Elliot sought to humanize the Huaorani for her evangelical readers. Living with the tribe, she explained, had made their strange customs intelligible. In a chapter entitled “The Civil Savages,” Elliot described intricate gender and marriage customs, and she sought to rehabilitate the image of the Huaorani by contrasting their habits with American sins. The Huaorani, she notes, did not participate in malicious gossip, vanity, or covetousness. The typical Huaorani man knew nothing of “drunkenness or wife beating. He may kill his neighbor, but he does not fight with him. . . . He may practice polygamy, but he faithfully supports all of the wives he has. . . . He does not wear clothing, but he has a strict code of modesty and is totally free from the American preoccupation with the human body, and all the absurd inhibitions this involves.” Elliot concluded, “At first glance, one might ask of the Auca way of life, ‘Is this the best they can do?’ but one soon finds that ‘this’ is very well indeed.”

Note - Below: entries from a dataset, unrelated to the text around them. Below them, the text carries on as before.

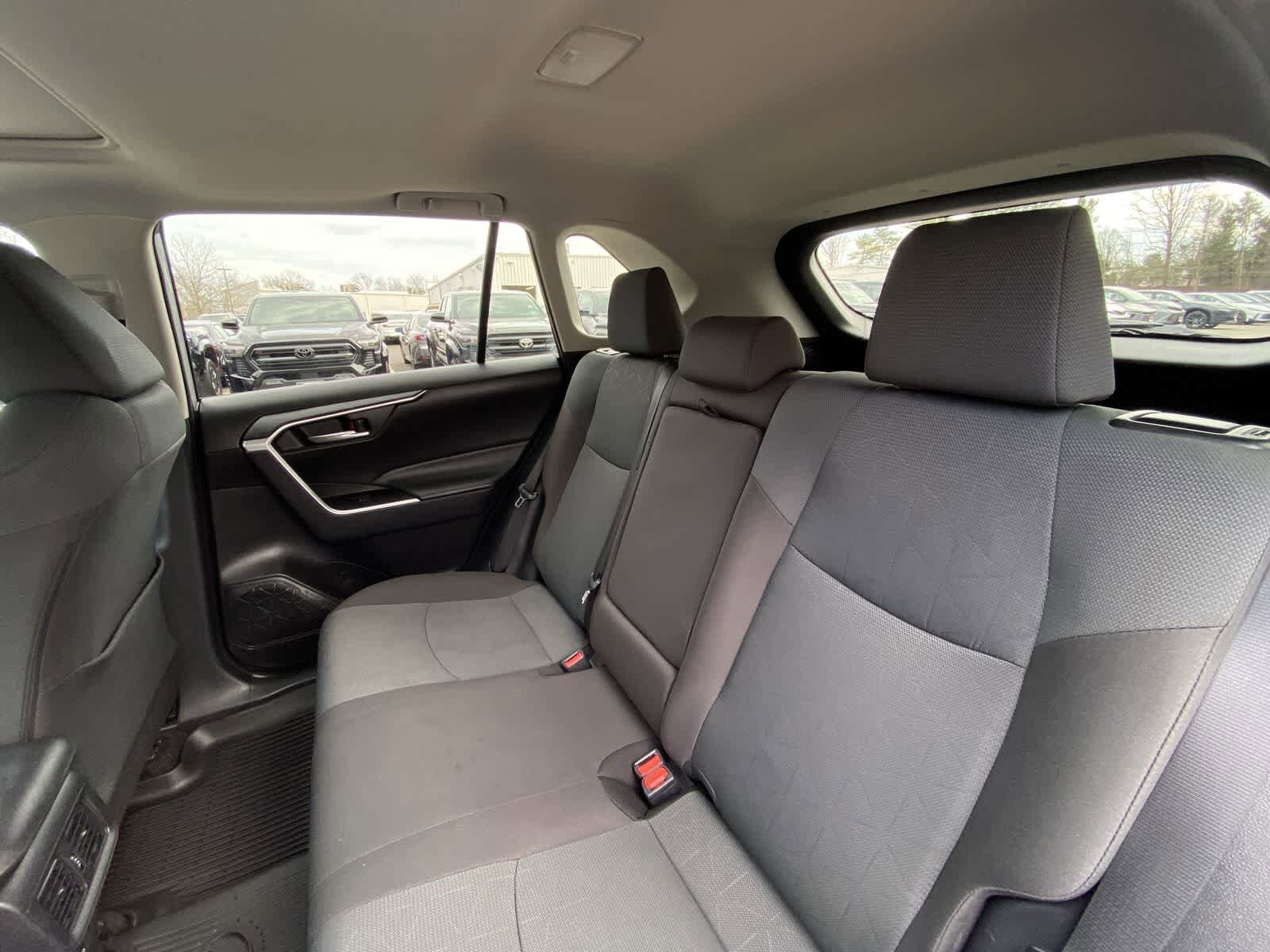 Thumbnail: 2025 Toyota RAV4 - 26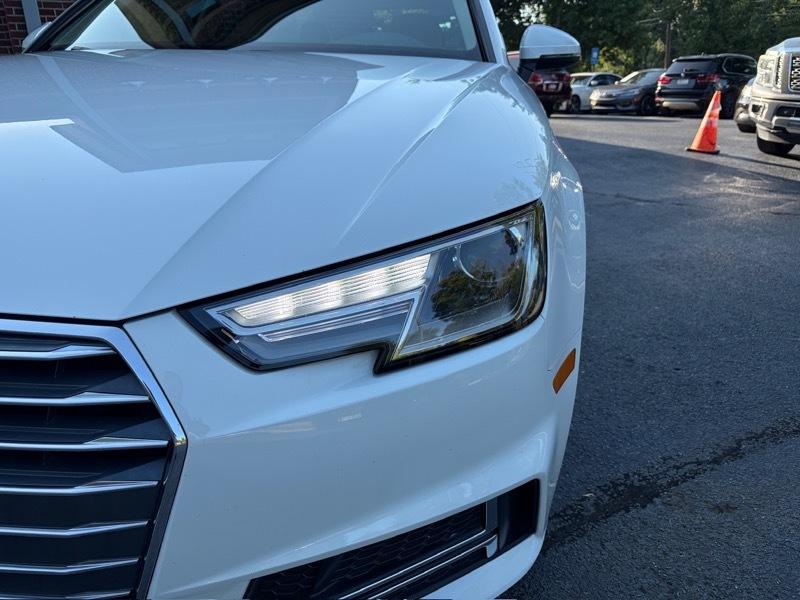 Audi A4 2.0T Premium Sedan 2018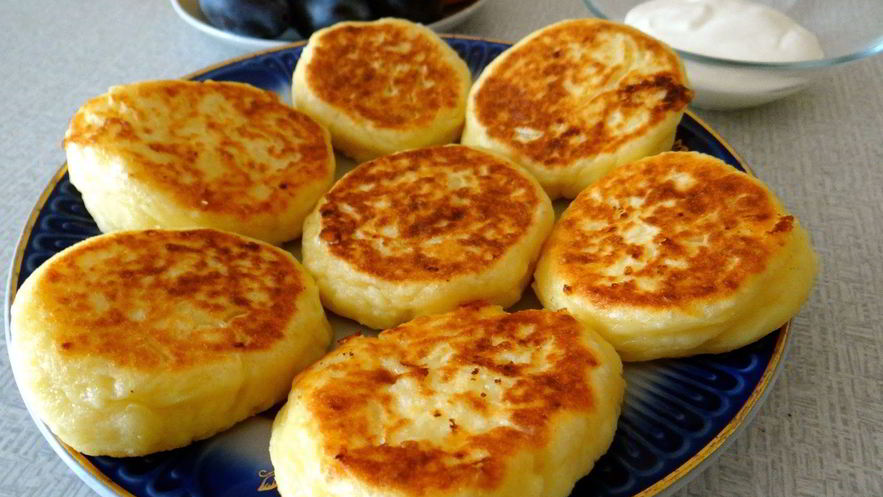 Рецепт сырников с грушей и яблоком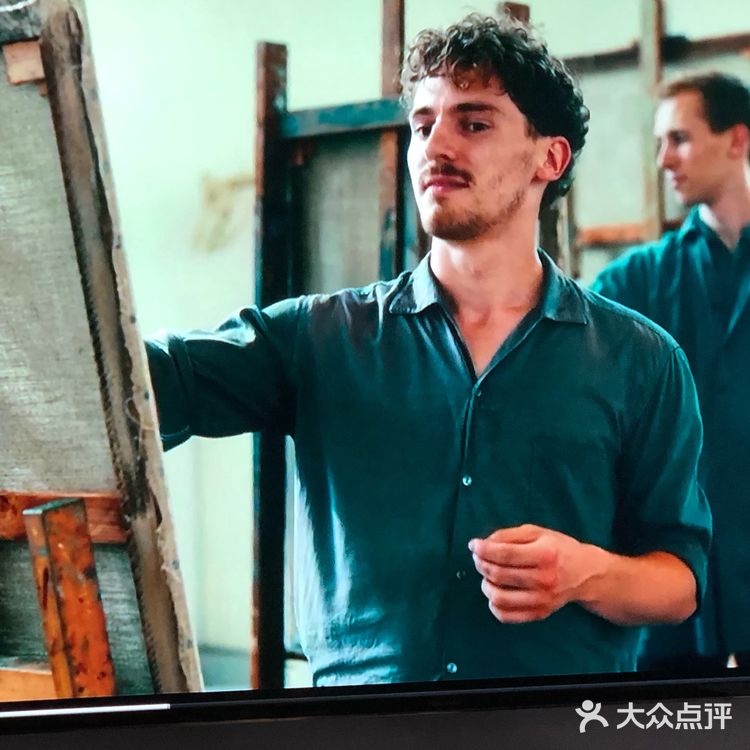 主演：汤姆-希林。葆拉-贝尓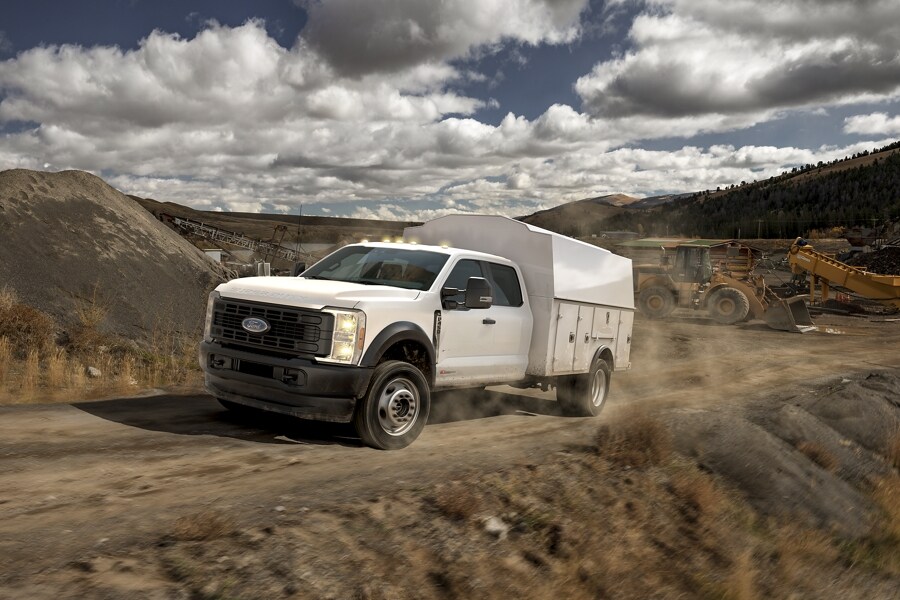 2023 Ford Super Duty® Chassis Cab with utility cab and utility box at worksite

Elliot’s third book, a novel called No Graven Image (1966), went much, much further. Its protagonist, a young missionary named Margaret Sparhawk, sailed to South America on a ship with air conditioning, perfumes, cigarette smoke, steaks, and alcohol. “The irresponsibility was intoxicating,” confided Margaret to the reader. “I found it hard to acknowledge that spiritual need was not somehow correlative to physical.” She disembarked from this spectacle of Western luxury to encounter the horrors of life in a poverty-stricken third-world city. There was a man with no eyes and no feet sitting on the pavement “with his back against a building … his head lolling back on his neck.” A girl of about eight “lay in his lap, emaciated and limp, with immense black eyes rimmed with shadows and shining with fever.” Margaret realizes that “witnessing” to him is not enough, despite the evangelical mandate to “tell them of Christ.” Like Bob Pierce of World Vision and swelling ranks of American evangelicals contemplating foreign misery, Elliot meant to encourage holistic missionary work.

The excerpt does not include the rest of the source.